Felix Klein Colloquium: Mean-Field Control for a Diffusion Aggregation System with Coulomb lnteraction
The mean-field control problem for a multi-dimensional diffusion-aggregation system with Coulomb interaction [the so called parabolic elliptic Keller-Segel system] is considered. The existence of optimal control is proved through the Gamma-convergence of the control problem of a regularized particle control problem. There are three building blocks in the whole argument.
Firstly, for the optimal control problem on the particle level, instead of using the classical method for a stochastic system, we study directly the control problem of a high-dimensional parabolic equation, i.e. the corresponding Liouville equation of the particle system.
Secondly, the strong propagation of chaos result for moderate interacting system is obtained by combining the convergence in probability and relative entropy method.

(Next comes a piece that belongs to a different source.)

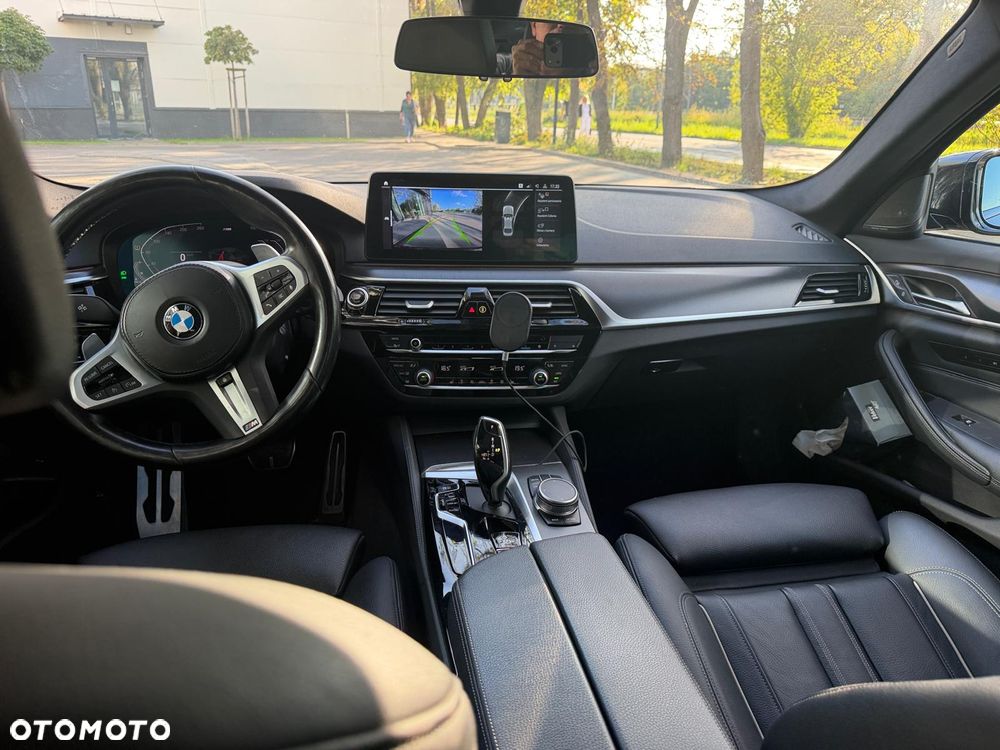 BMW Seria 5 540d xDrive mHEV M Sport sport - 16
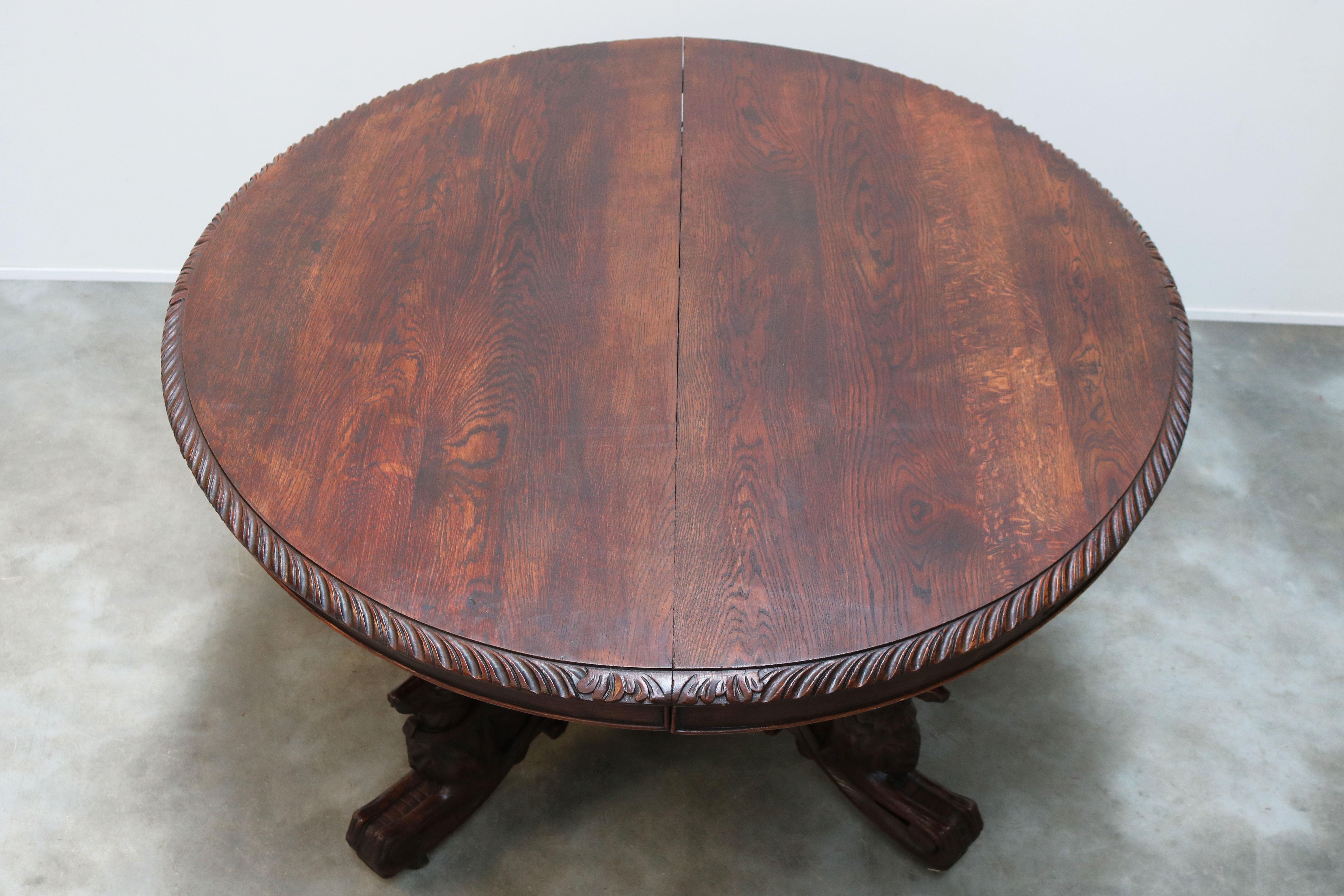 19th Century French Antique Oak Oval Dining Hunt Table Black Forest Animal Lodge In Good Condition In Ijzendijke, NL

Due to this strong mean field limit result, we avoid the compact support requirement for control functions, which has been often used in the literature.

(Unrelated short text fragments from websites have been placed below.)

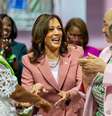 A vice-presidente americana é membro da irmandade de mulheres negras mais antiga do país  Foto: Getty Images / BBC News Brasil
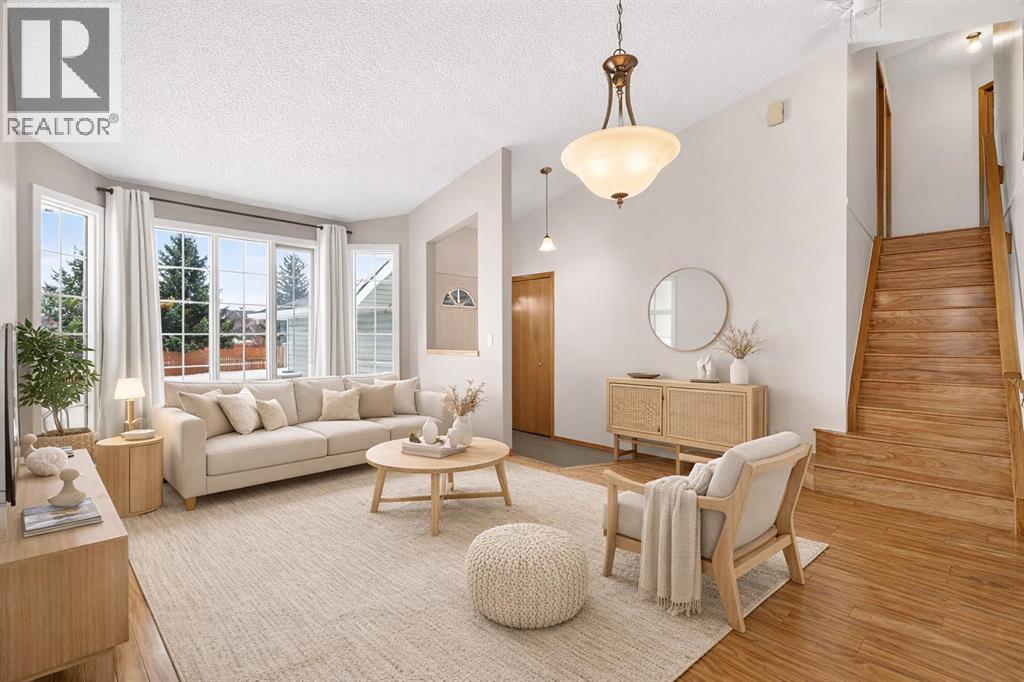 House for Sale in 1208 Sunvista Way SE|Calgary, Alberta T2X3G1 3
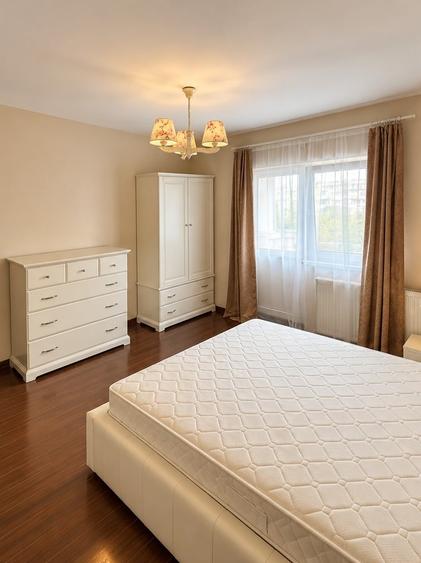 Apartament cu 3 camere decomandat în Lujerului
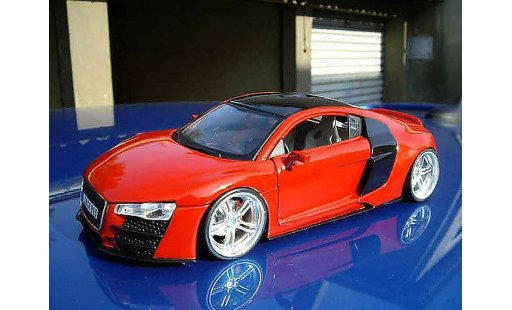Audi R8 4.2 fsi 1/18 Maisto tdi modelauto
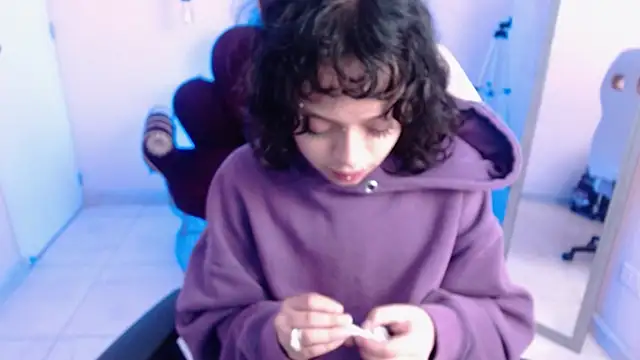 Snapshot of LadyWawy chatting on 09-19-25, 01:34 LadyWawy online show from 09-19-25, 01:34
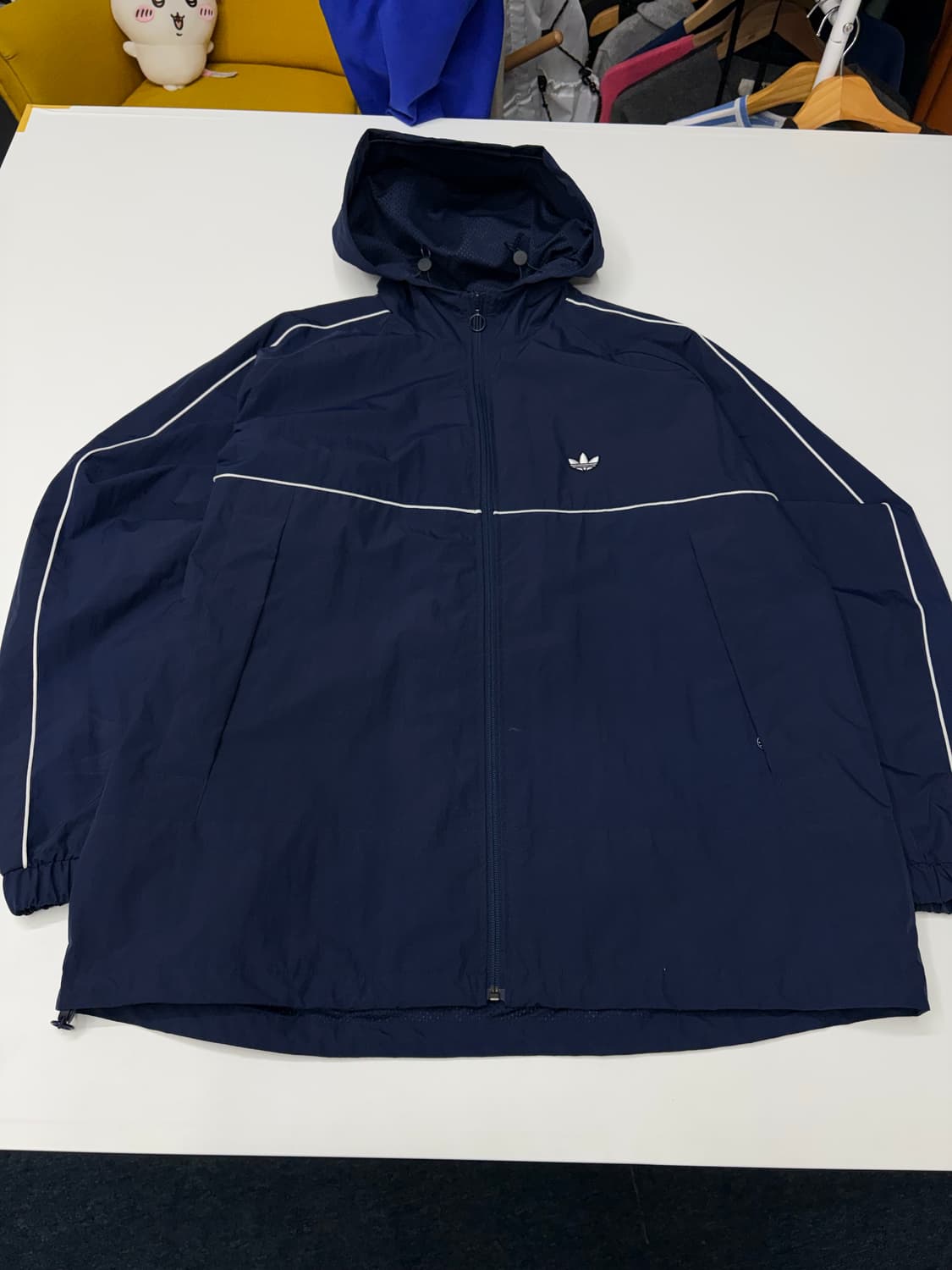 아디다스 오버 후디 윈드자켓 상품이미지2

Thirdly, because of strong the aggregation effect, additional difficulties arise from the control function in the well-posedness theory, so that the known method for the multi-dimensional Keller-Segel equation cannot be directly applied. lnstead, we use a combination of a local existence result and a bootstrap argument to obtain the global solution in the sub-critical regime.
Speaker: Prof. Dr. Li Chen, University of Mannheim, Germany
Time: 17:15 - 18:30 o'clock
Place: Building 48, room 210
The lectures of the Felix Klein Colloquium will be held at 17:15 in room 210 of the Mathematics Building 48. Beforehand - from 16:45 - there will be an opportunity to meet the speaker at the colloquium tea in room 580.